● **TASK DATA**:

- Opening Delimiter -

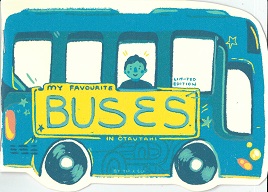 "My Favourite Buses in Ōtautahi" by Pollen art club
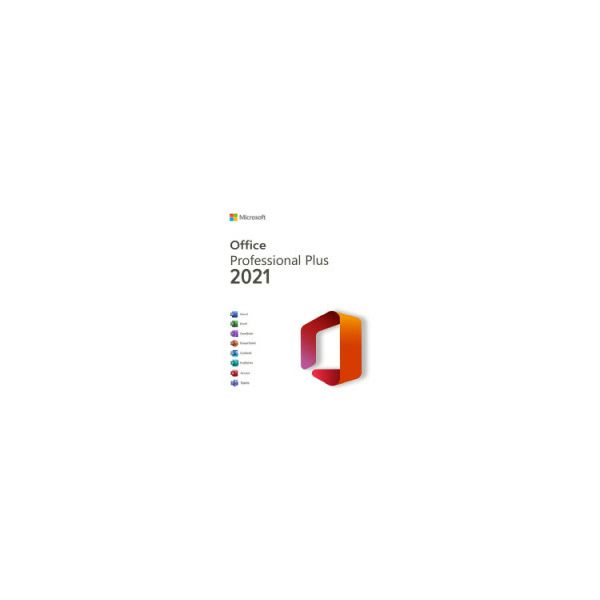 Microsoft Office 2021 Professional Plus 32/64-bit ESD elektronička licenca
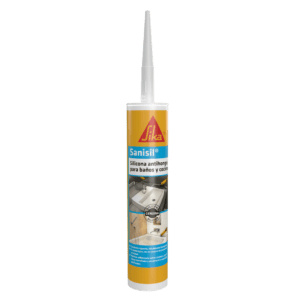 Sanisil transparente Cartucho (280 ml)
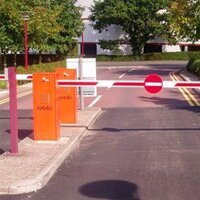 Faac Automatic Gate - Usage: Industrial
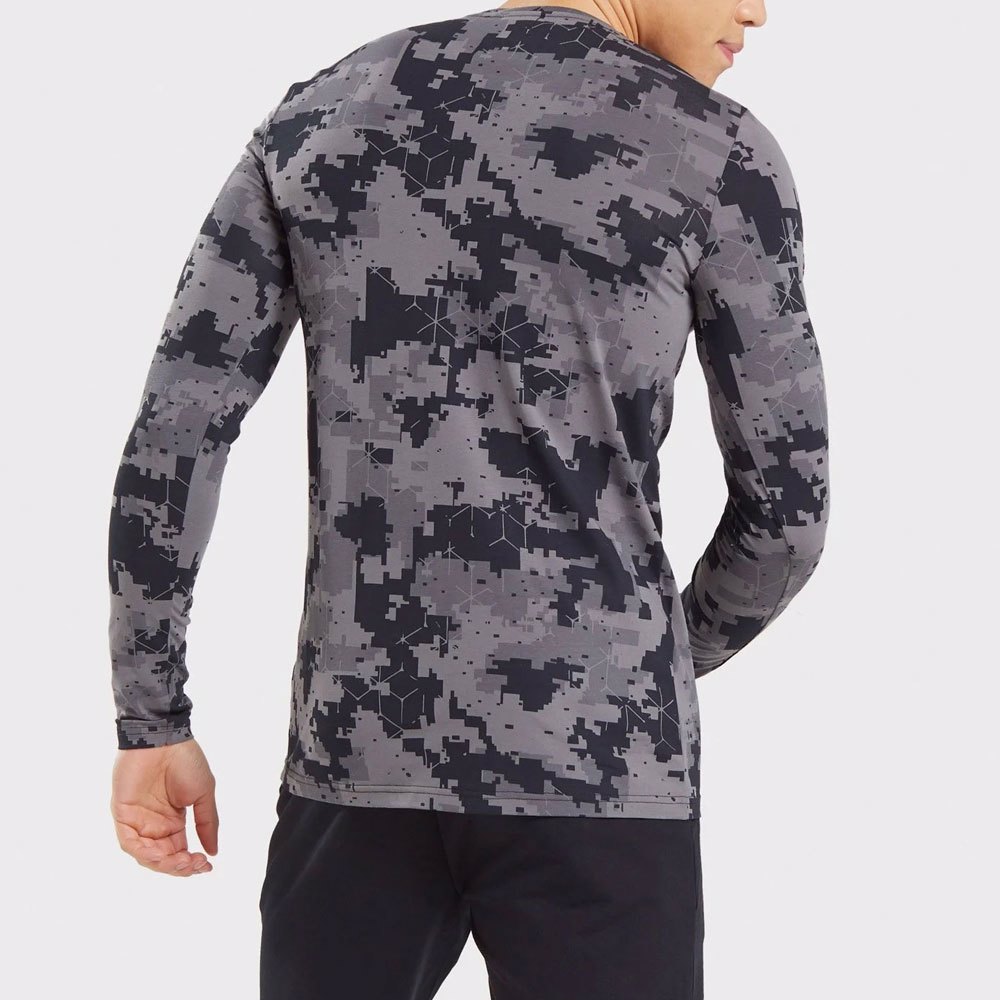 Men Gym Full Sleeve T Shirts MFS12 - view 8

- Closing Delimiter -

● **WORK TO COMPLETE**: Exactly the lines from the one with "Microsoft Office 2021" through the end of the listing above are to be repeated, with no pictures.

● **OUTPUT OF THE TASK**:
 Microsoft Office 2021 Professional Plus 32/64-bit ESD elektronička licenca
 Sanisil transparente Cartucho (280 ml)
 Faac Automatic Gate - Usage: Industrial
 Men Gym Full Sleeve T Shirts MFS12 - view 8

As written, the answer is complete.